▼
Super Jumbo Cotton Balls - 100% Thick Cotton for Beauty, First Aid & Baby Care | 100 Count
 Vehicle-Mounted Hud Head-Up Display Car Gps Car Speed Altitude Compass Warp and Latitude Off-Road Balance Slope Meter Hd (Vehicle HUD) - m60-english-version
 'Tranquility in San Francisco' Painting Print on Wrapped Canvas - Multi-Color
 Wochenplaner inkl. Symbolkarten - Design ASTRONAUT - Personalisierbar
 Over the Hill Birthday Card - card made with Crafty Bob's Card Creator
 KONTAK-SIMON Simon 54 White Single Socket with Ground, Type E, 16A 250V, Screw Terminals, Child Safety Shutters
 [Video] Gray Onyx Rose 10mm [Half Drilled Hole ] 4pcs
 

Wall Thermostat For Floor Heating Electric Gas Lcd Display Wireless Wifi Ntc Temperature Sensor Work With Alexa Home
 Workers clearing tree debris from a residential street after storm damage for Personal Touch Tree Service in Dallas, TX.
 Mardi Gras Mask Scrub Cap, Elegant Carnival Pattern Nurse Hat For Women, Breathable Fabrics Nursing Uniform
▲
» Task requirements
Find "Display" in the preceding records. Copy each line that holds it.

» Task response
 Vehicle-Mounted Hud Head-Up Display Car Gps Car Speed Altitude Compass Warp and Latitude Off-Road Balance Slope Meter Hd (Vehicle HUD) - m60-english-version
Wall Thermostat For Floor Heating Electric Gas Lcd Display Wireless Wifi Ntc Temperature Sensor Work With Alexa Home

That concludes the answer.